We repeated the protein aggregation assays in the presence of ATP or ADP and found that the chaperone function of PfHsp70-z was not influenced by nucleotide (Fig. 6B, B1). On the other hand, as previously observed (Shonhai et al. 2008), the addition of ATP to the assay mix inhibited the protein aggregation suppressive function of PfHsp70-1 (Fig. 6C, C1). However, ADP did not affect the chaperone function of PfHsp70-1. It is known that ADP enhances substrate binding (holdase) function of Hsp70 (Mayer et al. 2000), and therefore this finding is in agreement with this position for both PfHsp70-z and PfHsp70-1. However, in the presence of ATP, the activity of the combination of the two proteins was slightly reduced (Fig. 6C, C1). We attribute the poorer efficiency of the combined action of PfHsp70-z and PfHsp70-1 in the presence of ATP to the inhibition of PfHsp70-1 by ATP (Shonhai et al. 2008; Fig. 6C, C1).

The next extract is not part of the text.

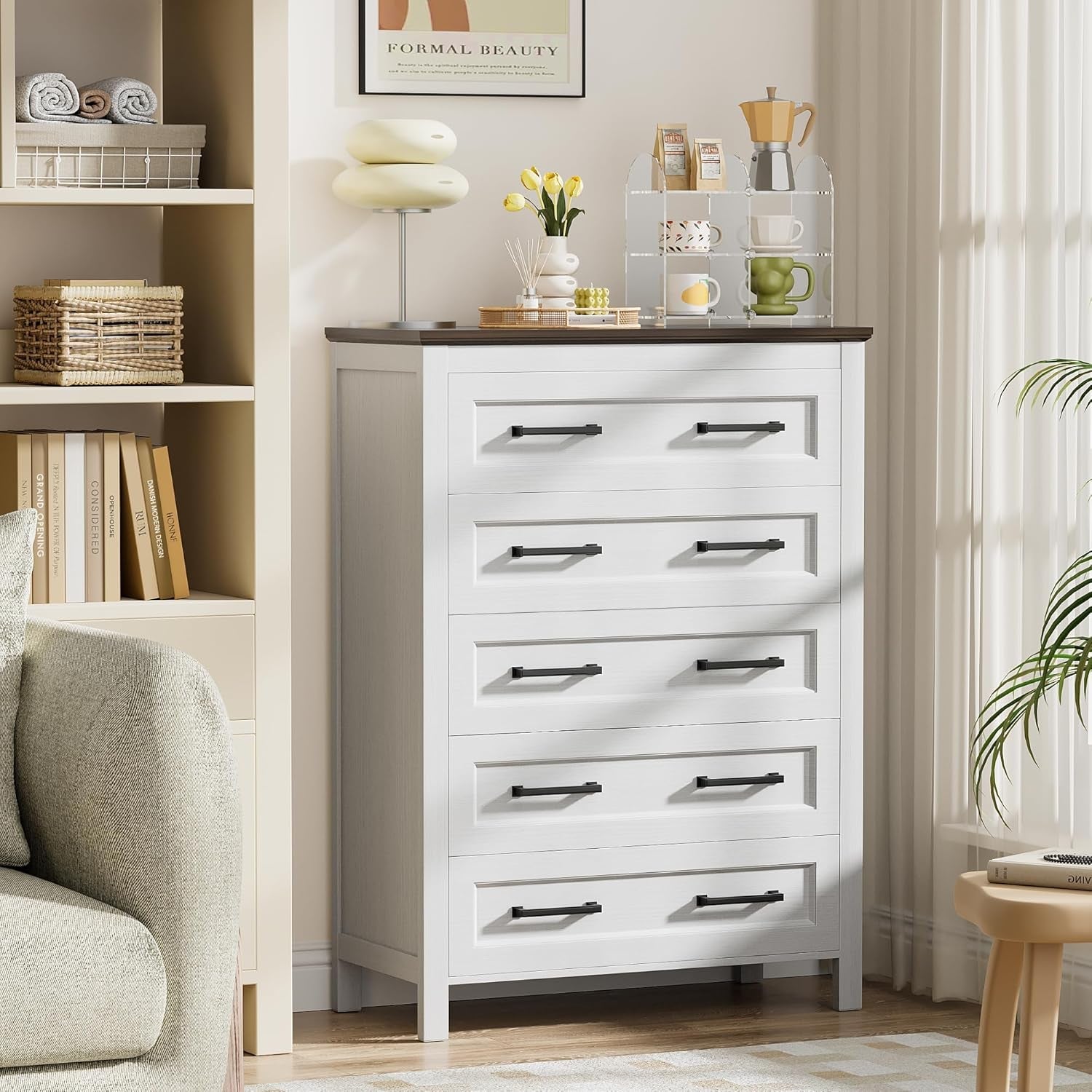 White dresser with black handles in a living room setting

PfHsp70-z interacts with PfHsp70-1 in a nucleotide-dependent fashion
PfHsp70-z and PfHsp70-1 are both reported to localize to the cytosol of the parasite (Pesce et al. 2008; Gitau et al. 2012; Muralidharan et al. 2012). Furthermore, both proteins are stress-induced and it is further thought that PfHsp70-z may serve as the sole NEF of PfHsp70-1 (Zininga et al. 2015a). For this reason, we investigated the physical association of these two molecular chaperones. Cell lysate harvested from blood stage parasites that were cultured under normal temperature (37 °C) and heat stress conditions (42 °C) was used to conduct immunoaffinity chromatography assays using anti-PfHsp70-z antibodies. As a control, we allowed the cell lysate to flow through a column that was packed with beads in the absence of immobilized anti-PfHsp70-z antibodies. There was no evidence for the presence of PfHsp70-1 protein in the control eluate (Fig. 7a, lane C). Next, the buffer in which the cell lysate was suspended was modified as follows: one batch had no supplemented nucleotide, and to the other two batches we added 5 mM ADP or ATP, respectively. Following this, we conducted immunoaffinity chromatography using a column onto which anti-PfHsp70-z antibodies were immobilized. We then probed for the presence of PfHsp70-1 associated with the PfHsp70-z protein. We previously validated that anti-PfHsp70-1 antibodies do not cross-react with PfHsp70-z (Zininga et al. 2015a), and this was an important requirement for this assay as antibody cross-reactivity would have confounded our investigation. We observed that higher titers of PfHsp70-1 protein were associated with PfHsp70-z in the parasites that were cultured at 42 °C compared to culture that was maintained at 37 °C (Fig. 7a). However, the association of PfHsp70-1 with PfHsp70-z was promoted in the presence of nucleotide, with ATP being more effective at promoting the association compared to ADP. This trend was observed for cell lysate obtained from cultures maintained both under normal and heat stress conditions. Altogether, these findings suggest that not only are both PfHsp70-z and PfHsp70-1 induced by heat stress but that their association is sustained under stressful conditions. Furthermore, their association is nucleotide-dependent.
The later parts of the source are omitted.